[Saved data entries]
------------------------------------------------------------------------
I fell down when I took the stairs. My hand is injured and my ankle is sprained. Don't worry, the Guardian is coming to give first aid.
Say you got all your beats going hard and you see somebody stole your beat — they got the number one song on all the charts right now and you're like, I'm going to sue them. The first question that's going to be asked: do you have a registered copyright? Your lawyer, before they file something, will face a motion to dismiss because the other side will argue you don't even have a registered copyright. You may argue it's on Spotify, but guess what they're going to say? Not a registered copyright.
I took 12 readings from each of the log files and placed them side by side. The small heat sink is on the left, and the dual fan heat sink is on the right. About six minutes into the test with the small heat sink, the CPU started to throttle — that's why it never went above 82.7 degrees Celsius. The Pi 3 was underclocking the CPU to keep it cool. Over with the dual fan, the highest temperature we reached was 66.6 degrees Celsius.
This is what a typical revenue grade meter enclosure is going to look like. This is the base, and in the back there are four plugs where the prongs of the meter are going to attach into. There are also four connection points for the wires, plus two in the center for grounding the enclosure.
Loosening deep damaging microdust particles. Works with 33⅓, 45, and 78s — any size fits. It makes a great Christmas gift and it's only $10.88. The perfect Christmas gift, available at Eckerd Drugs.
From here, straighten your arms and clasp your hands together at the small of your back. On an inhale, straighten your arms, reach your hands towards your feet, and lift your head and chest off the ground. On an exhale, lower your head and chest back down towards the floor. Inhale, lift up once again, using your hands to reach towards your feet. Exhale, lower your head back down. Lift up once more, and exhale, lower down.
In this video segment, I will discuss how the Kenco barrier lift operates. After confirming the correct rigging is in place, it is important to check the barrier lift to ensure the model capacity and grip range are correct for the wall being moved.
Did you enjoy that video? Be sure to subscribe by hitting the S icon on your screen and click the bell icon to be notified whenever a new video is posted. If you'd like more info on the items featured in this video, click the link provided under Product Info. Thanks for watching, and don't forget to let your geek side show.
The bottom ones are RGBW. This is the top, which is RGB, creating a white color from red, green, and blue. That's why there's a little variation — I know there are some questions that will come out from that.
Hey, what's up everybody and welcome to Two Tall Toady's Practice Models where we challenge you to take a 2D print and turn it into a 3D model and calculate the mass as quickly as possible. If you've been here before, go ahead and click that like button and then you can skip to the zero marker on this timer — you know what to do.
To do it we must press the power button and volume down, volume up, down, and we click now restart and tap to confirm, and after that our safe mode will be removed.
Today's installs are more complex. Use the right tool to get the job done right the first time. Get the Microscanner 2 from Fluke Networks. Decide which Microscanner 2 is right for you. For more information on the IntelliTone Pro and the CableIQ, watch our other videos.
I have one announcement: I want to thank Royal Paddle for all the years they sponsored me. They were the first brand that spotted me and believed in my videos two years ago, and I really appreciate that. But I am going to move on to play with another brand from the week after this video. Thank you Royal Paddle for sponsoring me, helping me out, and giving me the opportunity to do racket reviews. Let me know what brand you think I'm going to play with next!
------------------------------------------------------------------------
Output all of the data exactly as given.

-- TASK RESULT --
I fell down when I took the stairs. My hand is injured and my ankle is sprained. Don't worry, the Guardian is coming to give first aid.
Say you got all your beats going hard and you see somebody stole your beat — they got the number one song on all the charts right now and you're like, I'm going to sue them. The first question that's going to be asked: do you have a registered copyright? Your lawyer, before they file something, will face a motion to dismiss because the other side will argue you don't even have a registered copyright. You may argue it's on Spotify, but guess what they're going to say? Not a registered copyright.
I took 12 readings from each of the log files and placed them side by side. The small heat sink is on the left, and the dual fan heat sink is on the right. About six minutes into the test with the small heat sink, the CPU started to throttle — that's why it never went above 82.7 degrees Celsius. The Pi 3 was underclocking the CPU to keep it cool. Over with the dual fan, the highest temperature we reached was 66.6 degrees Celsius.
This is what a typical revenue grade meter enclosure is going to look like. This is the base, and in the back there are four plugs where the prongs of the meter are going to attach into. There are also four connection points for the wires, plus two in the center for grounding the enclosure.
Loosening deep damaging microdust particles. Works with 33⅓, 45, and 78s — any size fits. It makes a great Christmas gift and it's only $10.88. The perfect Christmas gift, available at Eckerd Drugs.
From here, straighten your arms and clasp your hands together at the small of your back. On an inhale, straighten your arms, reach your hands towards your feet, and lift your head and chest off the ground. On an exhale, lower your head and chest back down towards the floor. Inhale, lift up once again, using your hands to reach towards your feet. Exhale, lower your head back down. Lift up once more, and exhale, lower down.
In this video segment, I will discuss how the Kenco barrier lift operates. After confirming the correct rigging is in place, it is important to check the barrier lift to ensure the model capacity and grip range are correct for the wall being moved.
Did you enjoy that video? Be sure to subscribe by hitting the S icon on your screen and click the bell icon to be notified whenever a new video is posted. If you'd like more info on the items featured in this video, click the link provided under Product Info. Thanks for watching, and don't forget to let your geek side show.
The bottom ones are RGBW. This is the top, which is RGB, creating a white color from red, green, and blue. That's why there's a little variation — I know there are some questions that will come out from that.
Hey, what's up everybody and welcome to Two Tall Toady's Practice Models where we challenge you to take a 2D print and turn it into a 3D model and calculate the mass as quickly as possible. If you've been here before, go ahead and click that like button and then you can skip to the zero marker on this timer — you know what to do.
To do it we must press the power button and volume down, volume up, down, and we click now restart and tap to confirm, and after that our safe mode will be removed.
Today's installs are more complex. Use the right tool to get the job done right the first time. Get the Microscanner 2 from Fluke Networks. Decide which Microscanner 2 is right for you. For more information on the IntelliTone Pro and the CableIQ, watch our other videos.
I have one announcement: I want to thank Royal Paddle for all the years they sponsored me. They were the first brand that spotted me and believed in my videos two years ago, and I really appreciate that. But I am going to move on to play with another brand from the week after this video. Thank you Royal Paddle for sponsoring me, helping me out, and giving me the opportunity to do racket reviews. Let me know what brand you think I'm going to play with next!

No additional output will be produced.